The volunteer-based Debian GNU/Linux is experimenting with a new project aimed at securing funding to pay key release managers in an effort to ensure the forthcoming Debian 4.0, codenamed etch, is released on time.
Throughout its history Debian has been marred by missed schedules. The last release that was "on-time" was version 1.3, codenamed bo, back in June 1997.
The brainchild of Debian project leader, Brisbane, Australia-based Anthony Towns, Dunc-Tank is an experimental project that seeks to find ways of funding Debian development. That money will then go into paying people to sit down and do "useful" Debian work rather than relying on a core of dedicated volunteers to contribute code outside of their regular day jobs.

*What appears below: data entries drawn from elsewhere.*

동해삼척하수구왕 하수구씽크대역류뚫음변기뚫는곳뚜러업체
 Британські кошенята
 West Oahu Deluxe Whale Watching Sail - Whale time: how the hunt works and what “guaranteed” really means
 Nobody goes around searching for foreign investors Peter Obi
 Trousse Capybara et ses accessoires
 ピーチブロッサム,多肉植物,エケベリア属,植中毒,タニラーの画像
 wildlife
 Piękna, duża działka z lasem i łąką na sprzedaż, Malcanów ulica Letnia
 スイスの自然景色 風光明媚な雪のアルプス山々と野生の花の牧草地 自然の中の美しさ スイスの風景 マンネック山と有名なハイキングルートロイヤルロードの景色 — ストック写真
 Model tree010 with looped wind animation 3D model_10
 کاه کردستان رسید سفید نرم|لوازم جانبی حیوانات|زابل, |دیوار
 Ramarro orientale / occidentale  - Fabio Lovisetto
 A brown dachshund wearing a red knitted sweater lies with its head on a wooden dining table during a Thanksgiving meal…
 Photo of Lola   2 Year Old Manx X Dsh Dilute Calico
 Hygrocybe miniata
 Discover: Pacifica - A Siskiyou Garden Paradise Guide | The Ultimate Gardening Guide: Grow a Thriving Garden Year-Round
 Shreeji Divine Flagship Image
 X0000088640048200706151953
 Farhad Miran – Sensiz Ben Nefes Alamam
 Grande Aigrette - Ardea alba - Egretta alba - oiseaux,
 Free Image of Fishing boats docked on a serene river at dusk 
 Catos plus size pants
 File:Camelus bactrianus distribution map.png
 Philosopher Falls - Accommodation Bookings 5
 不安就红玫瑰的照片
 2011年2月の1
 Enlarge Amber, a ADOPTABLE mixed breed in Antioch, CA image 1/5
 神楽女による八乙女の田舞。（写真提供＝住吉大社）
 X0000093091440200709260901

"Most developers work on Debian in their spare time, and the developers who do the most work on Debian devote most of their spare time to it. When that spare time disappears, due to work commitments, family commitments, holidays or sickness, so does the work on Debian," Towns said.
To achieve its goal, Dunc-Tank is funding release managers Steve Langasek and Andi Barth to work full time on etch's release over the months of October and November respectively. All things going smoothly, etch will be released on December 4, 2006.
Much is expected between now and release date.
Towns said a new version of X is expected to be included in unstable in the next day or two, which should allow Debian to support some of the compositing techniques that provide similar features to Mac OS X's "Expose".
Work is continuing on SELinux support, which provides users with more fine-grained control over what programs on their system can do, reducing the possibility of security violations.
"We're expecting to be able to announce support of the latest LSB standard, 3.1, in the next few weeks for all the architectures LSB covers, and formally certify that support when etch releases.
"We've added or updated two gigabytes worth of software in the archive every day over the past week, and that will likely continue and possibly increase before the release is done."